Thursday, August 18, 2005


Hilary Rosen on Larry Lessig's blog
After the comment storm I participated in a few days ago, Hilary Rosen has posted her responses to the comments on Larry Lessig's blog.

I added the following additional comments:

"There is a critical difference between the "Internet" and other spaces governed by US laws.

For one - the "Internet" is truly global (I think the last country without connectivity has now been connected) and while it is true that US legal decisions have a way of being written into treaties and/or copied around the world - as we have recently seen in the case of the EU rejecting Software Patents this is by no means universally true.

So when the US, as in many recent laws like the DCMA, tries to legislate for the Internet as a whole it may in a very real sense be fighting a losing battle, with the biggest losers possibly being US citizens (and our corporations) who will be prevented from the full potential of digital technology.

In the case of online gambling, for example, this is a complex subject - but it is also very clearly one where companies (and their millions of customers) in other countries are seeing a great deal of innovation and revenues.

In the case of innovation in less politically charged realms - from patents to music - I personally find it striking that some of the most innovative music I have heard recently have been mashups, mostly from Europeans (though they are likely difficult to license in Europe as well as the US).

On a more legally clear example, I listen to a large number of podcasts - however here in the US they are restricted heavily by limitations (specifically the lack of legal universal licenses ala radio licenses) to allow podcasters to mix and play any song they would like to.
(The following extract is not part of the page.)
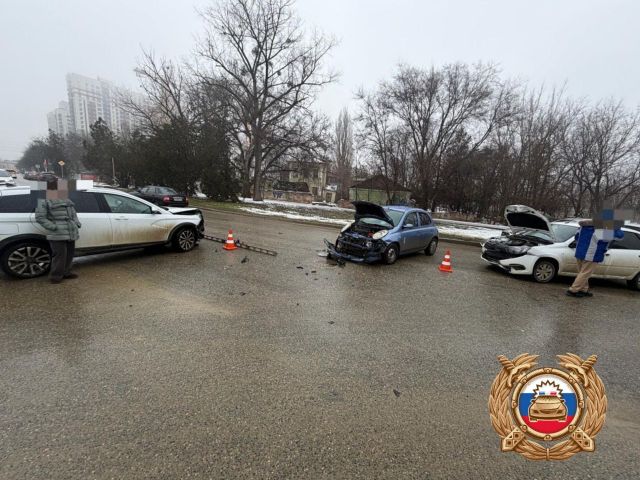 Два человека попали в больницу после тройного ДТП в Ставрополе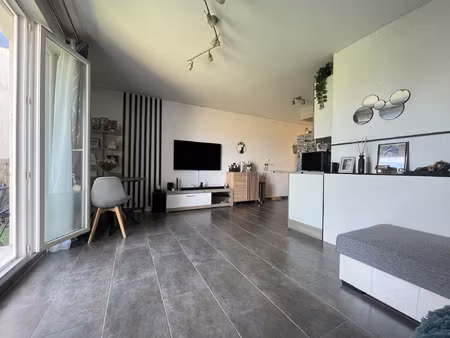 mitry-le-neuf - appartement f2  avec 60m2 de jardin  constru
However other countries have adopted radio-like universal licenses and the result is one of my favorite podcasts and a mix of music better by leaps and bounds than any radio station I have ever heard (on or offline) - Karin's Themed podcasts. These are about 1 hour blocks of music bound by a common theme - often a very international selection of music, but even when she selects only English language songs her groupings and selections cause me to hear old songs in new ways.

She pays the licensing fees in the Netherlands to be in legal compliance - so the artists she plays do get compensation from her playing of the music, in much the same way they do when a radio station plays them - and as a fan I gain the great benefit of hearing old music in new, creative ways.
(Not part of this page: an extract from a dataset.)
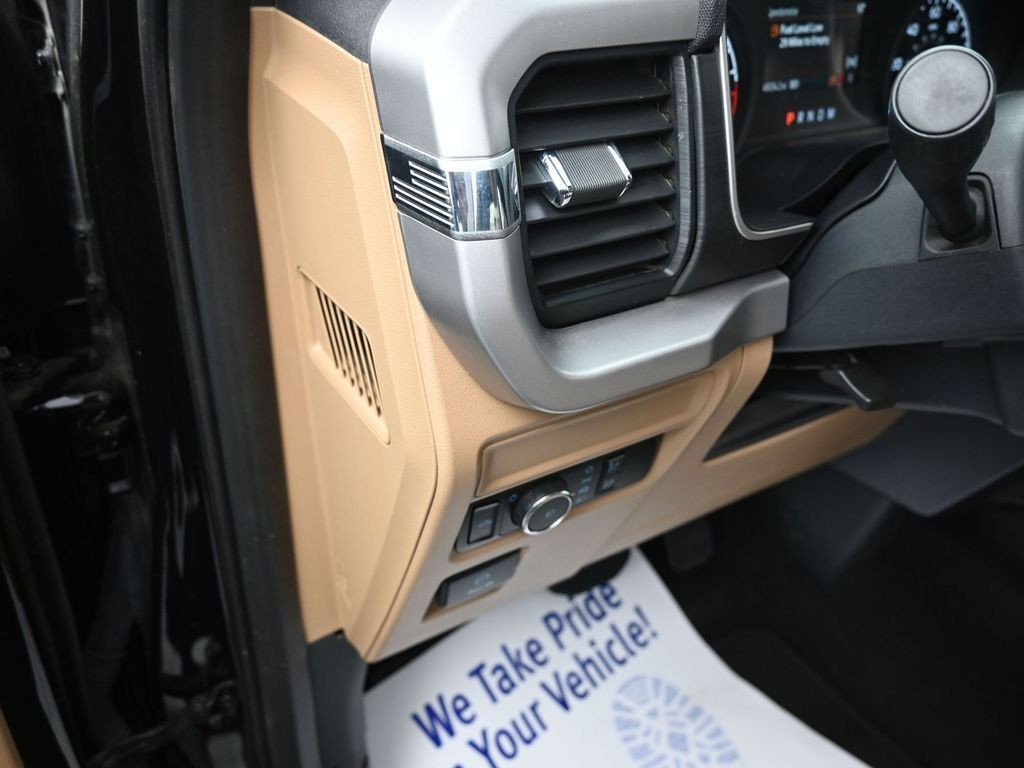 Ford F-150 Vehicle Full-screen Gallery Image 12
I think for many forms of non-duplicative creative use (i.e. not selling a CD that is an exact copy of the artist's CD) a form of universal license such as the radio license - though probably tiered and/or with a per-unit percentage of price capped fee - could make much more sense than the current "clear every right with every possible rightsholder". Especially since the number of "orphaned" copyrights is huge and growing (even works created just years ago can be difficult if not impossible to track down the copyright holder of. A simple example, I wrote to many USENET newsgroups in the early 90's - my writing gained am immediate copyright - however if you were now to want to print, in full, the content of a specific USENET newsgroup you would have to find each poster and get permission. I am no longer at the email address I posted under, which was a university account, a quick google search of the Internet does turn me up as the first "Shannon Clark" and indeed I list on my profiles that I attended the university where the posts came from - so it is probable that I am the same Shannon Clark - but how can you be certain? There are literally dozens of other Shannon Clark's in the US. And I did this fairly simply, I posted under my own name - what about someone like "three blind mice" - how would you go about including his comments, in full, in another creative work?)

The point is that the requirement "get permission first" is increasingly untenable.

Here in the US we do not currently separate out commerical and moral rights - in the EU they have taken the approach that these rights are separate (which creates the complication that in the EU creative commons licenses or attempts to put new content into the public domain may still be bound by "moral rights" which apparently the authors may not be able to waive completely).

I think we should make it easy for the "public domain" to grow again - both by cleaning up orphaned copyrights (Lessig's suggestion of a minimal registration fee would clear things up pretty quickly and separate out "commercially viable" copyrights from the millions of orphaned ones - and have the further advantage of making it clearer which works were/were not in the public domain) and by making the process of offering up works to the public domain easier (and perhaps making some areas, such as comments especially anonymous ones, USENET etc areas where the public domain is assumed - that is by posting publically unless you attach restrictions you waive future need to contact you for permission to quote, remix, etc)

Moral rights - i.e. the right not to have your words used in ways you do not agree with are a much trickier issue. I think, however, it might be possible to expand the concept of "misrepresentation" (and/or libel) to cover this without much difficulty. (i.e. you can use what I right without first clearing it with me - but you can't use it in a way that makes it appear that your changes/remixes are my original work - i.e. use my works to claim that "Shannon Clark wants there to be no public domain at all" via the means of selective editing and insertation of new words into my text.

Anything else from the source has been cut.